Ernesto Maria Ruffini, l’ex direttore dell’Agenzia delle Entrate, nel suo ultimo libro (‘Più uno: La politica dell’uguaglianza’) inserisce un dato eloquente: “Le entrate erariali che possono ancora essere considerate progressive non raggiungono neanche il 40% del totale”.
Il resto, oltre il 60% delle tasse pagate in questo Paese, ormai non è più calcolato sulla base della capacità dei cittadini di contribuire (come invece prevede la Costituzione).

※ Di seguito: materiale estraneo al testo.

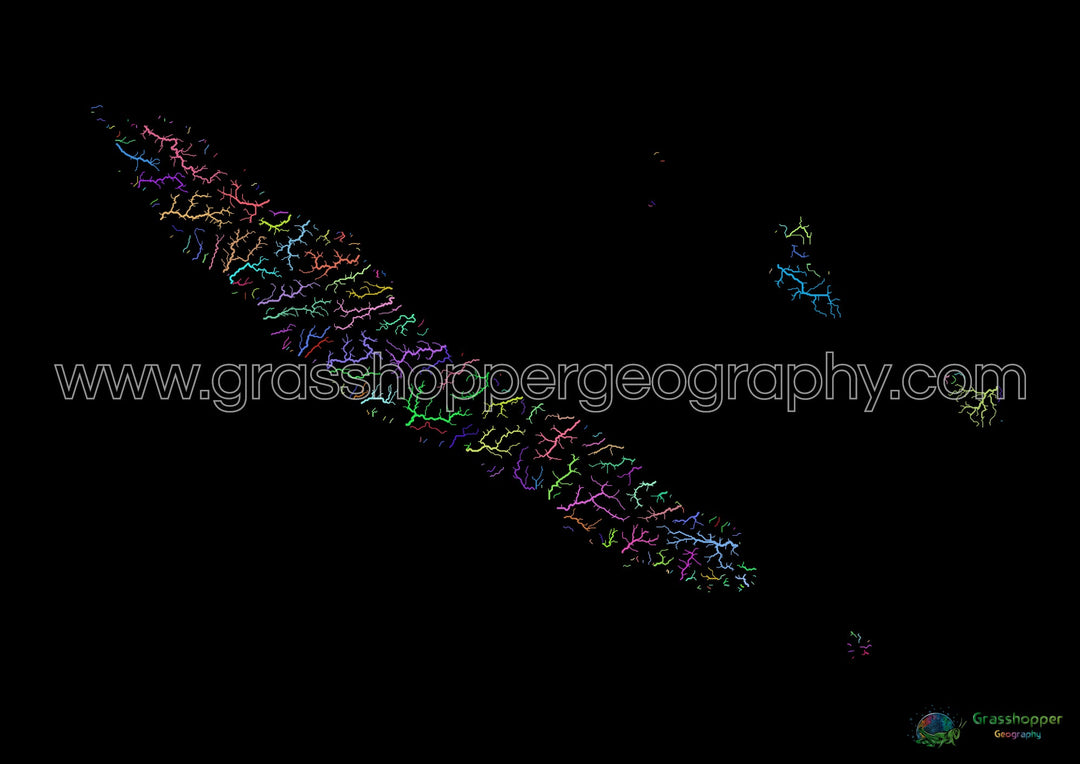 Nueva Caledonia - Mapa de la cuenca fluvial, arco iris sobre negro - Impresión de Bellas Artes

È ormai quasi tutto ‘flat’
È semplicemente ‘flat’, uguale per tutti come aliquota, ma riservato a pochi e profondamente diseguale proprio a causa della diversità dei redditi e dei patrimoni: sono le flat tax degli autonomi, le cedolari secche sugli affitti, i prelievi sui redditi da capitale, sulle successioni, quelli sulla rivalutazione ad aliquota ridotta di attività non quotate, i redditi dominicali agricoli che in certi casi consentono di calcolare somme irrisorie; sono naturalmente le imposte indirette, ma sono soprattutto una miriade di regimi speciali in gran parte a favore di 4,6 milioni di contribuenti (su 42 milioni) soggetti all’imposta sui redditi delle persone fisiche.
Con o senza evasione, il fisco è diventato ingiusto
L’accumularsi di regimi speciali per elettori ‘speciali’ fa sì che in Italia la progressività delle tasse – la sua equità – sia molto indebolita. Anche se fosse senza evasori, il Paese sarebbe fiscalmente molto ingiusto.
Il tema non è al centro del confronto politico
Alla fine il trattamento più iniquo è quello del lavoro dipendente che di fatto è senza regimi di favore. Ma il tema non sembra essere entrato nell’agenda del governo e neanche del Paese. Eppure, non è giunto il momento di rimettere la giustizia fiscale al centro del dibattito pubblico?